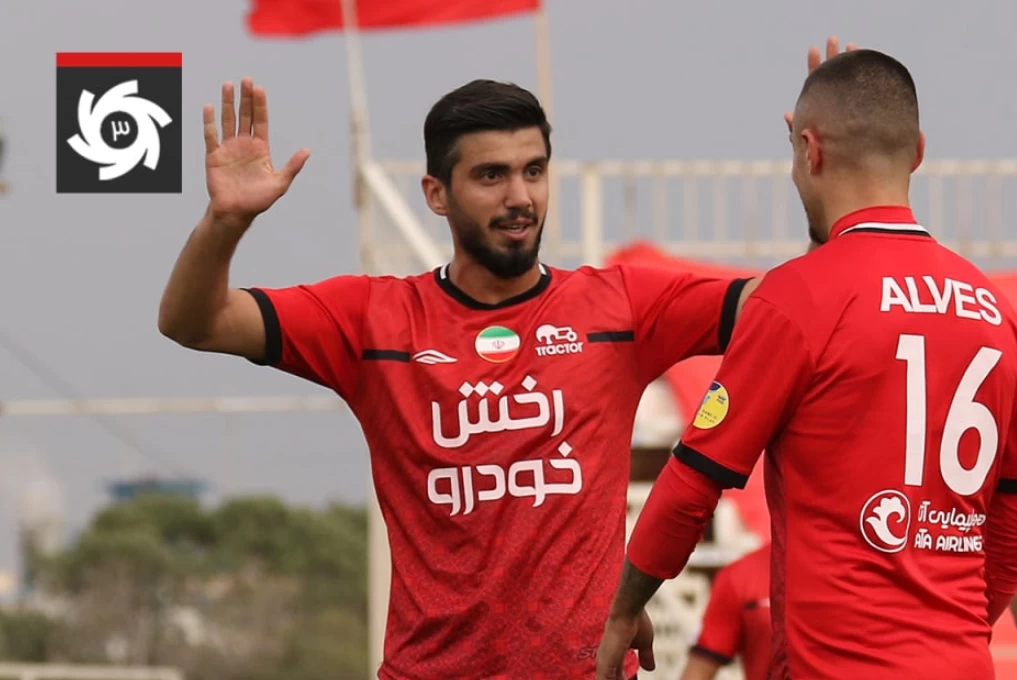 آقاجان‌پور: از پرسپولیس و سپاهان نمی‌ترسیم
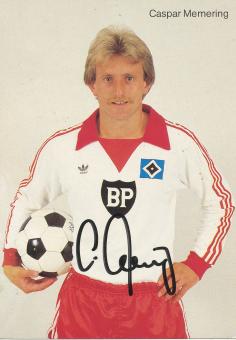 Dietmar Jakobs  1979/1980  Hamburger SV  Fußball Autogrammkarte original signiert 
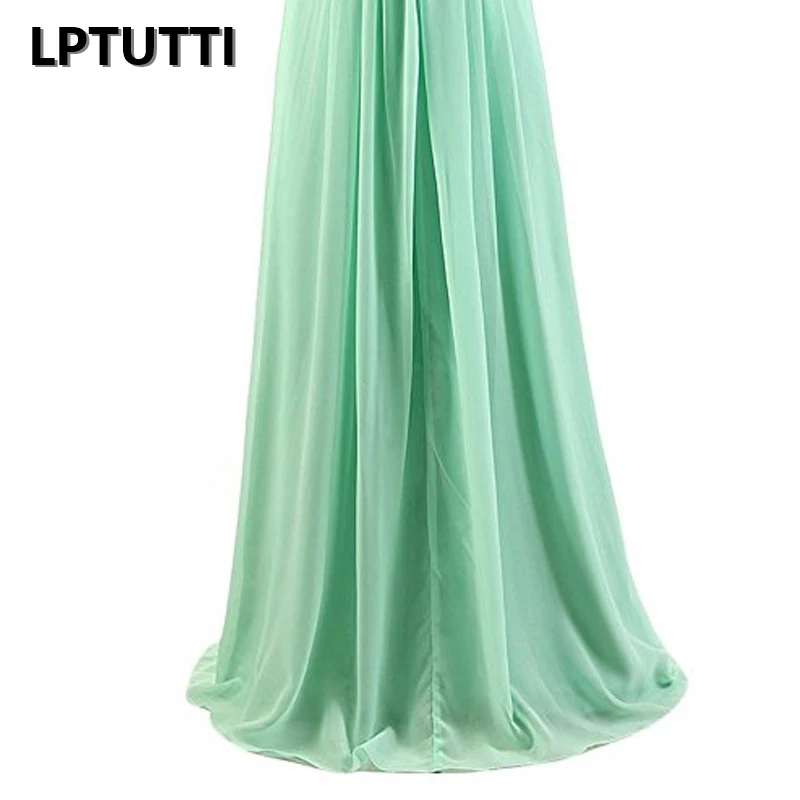 

LPTUTTI Strapless Chiffon Plus Size New For Women Elegant Date Ceremony Party Prom Gown Formal Gala Luxury Long Evening Dresses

- _What this task involves_
Before writing out the material above, please remove its pictures; everything else stays exact.

- _Answer for this exercise_
 آقاجان‌پور: از پرسپولیس و سپاهان نمی‌ترسیم
 Dietmar Jakobs  1979/1980  Hamburger SV  Fußball Autogrammkarte original signiert 

LPTUTTI Strapless Chiffon Plus Size New For Women Elegant Date Ceremony Party Prom Gown Formal Gala Luxury Long Evening Dresses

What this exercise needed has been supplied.